Current transport use patterns in Belfast are very different. Over half of the workforce (52%) travel to work by car or van, 16% by public transport, and only 2% by bike. Belfast City Council has set a target to increase the use of sustainable transport by 15% over a 4-year period.

A network of expertise

The Copenhagen Consensus will guide the work of the WHO European Healthy Cities Network until 2030. Belfast joined the network in 1988 and currently hosts its secretariat. Membership allows us to learn from the experience of nearly 100 designated cities in 30 countries.

For example, we hosted a workshop to find out about the Three Urban Fabrics model of city planning which has been implemented by Kuopio in Finland. This model focuses on the design and relationships between the walking fabric, the transit fabric and the car fabric within a city. Representatives from Northern Ireland subsequently visited Kuopio to learn more. Belfast Councillors also visited Ljubljana in Slovenia to see the impact of their award-winning approaches to improving access for people with disabilities.

We invited the Mayor of Udine in Italy to Belfast to present work being carried out in his city to promote sustainable school mobility. Udine is committed to planning and designing for active living.
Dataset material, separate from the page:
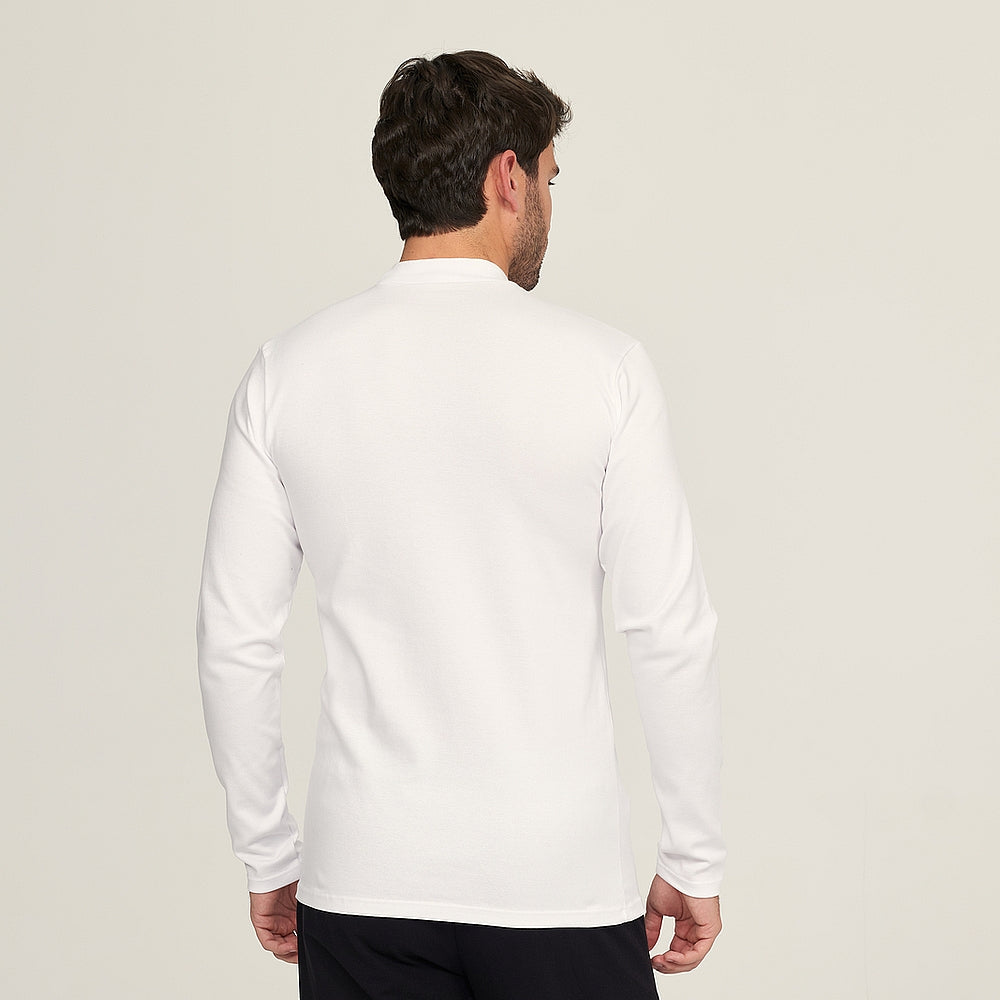 7497 CAMISETA SEMICISNE ELÁSTICA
The city has established Pedibus, to offer the opportunity for children to walk to school accompanied by volunteers recruited among parents, teachers, grandparents, retired people and students.

Sustainable transport initiatives in Belfast

Here at Belfast Healthy Cities, we use a range of approaches to strengthen the connections between health and transport within the city.
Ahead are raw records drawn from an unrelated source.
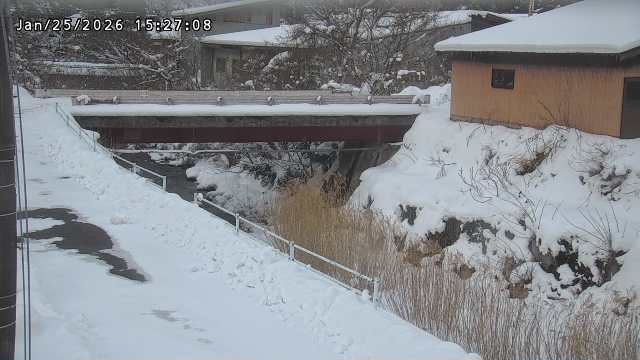 湯河川１2026/01/25 18:40:00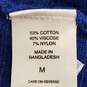NY & Company Women Blue Sweater M NWT image number 5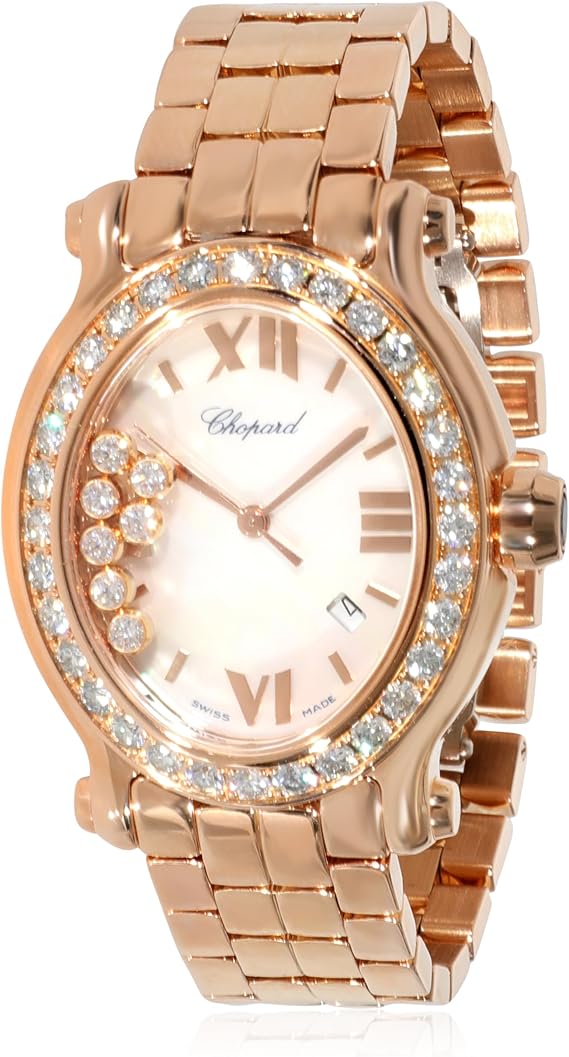 Pre-Loved, Happy Sport, Happy Sport, 6.00, Rose Gold.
We participate in research and have developed a walkability assessment tool for healthy ageing. Queen’s University Belfast is currently taking part in ‘Is 20 plenty for health?’, an evaluation of the impact of 20mph zones in Belfast and Edinburgh.

We support and carry out initiatives to enable better planning decisions. In 2014, we participated in the development of the Belfast Active Travel Action Plan 2014-2020 by the Belfast Strategic Partnership. The potential benefits of implementing the plan were highlighted as healthier people, connected communities, a more vibrant city, and a stronger region.

We bring together organisations across sectors. In 2011, we established a travel group which developed a framework for health and social care organisations titled Travel Plans: Improving Health. A health equity assessment was carried out which identified a range of important determinants of health to consider when developing a travel plan.

In 2017, Belfast City Council – following extensive consultation – published The Belfast Agenda which sets out a new vision for the city in 2035. Improving transport within the city is identified as a key area to achieve this vision. The city is committed to promoting the development of sustainable transport and addressing the under-use of public transport. Areas of focus will include working in partnership to develop key transport infrastructure, finding a comprehensive solution to city centre parking, and supporting walking and cycling as sustainable modes of transport.

Our plans for the future

In September 2018, the first phase of the new Belfast Rapid Transport System will begin operation. New Glider vehicles will operate frequently to link East Belfast, West Belfast and the Titanic Quarter with the city centre. This major development is designed to improve connectivity and social interaction across the city, to encourage active travel choices, and to promote sustainability.

From 1 to 4 October 2018, Belfast will proudly host the WHO International Healthy Cities Conference to celebrate 30 years of the Healthy Cities movement: Changing Cities to Change the World. This global conference is open to everyone with an interest in health improvement. There will be opportunities to learn from the experience of cities in Europe and other WHO regions. It is certain that transport systems will feature as key drivers in how cities focus on improving the health and wellbeing of their citizens.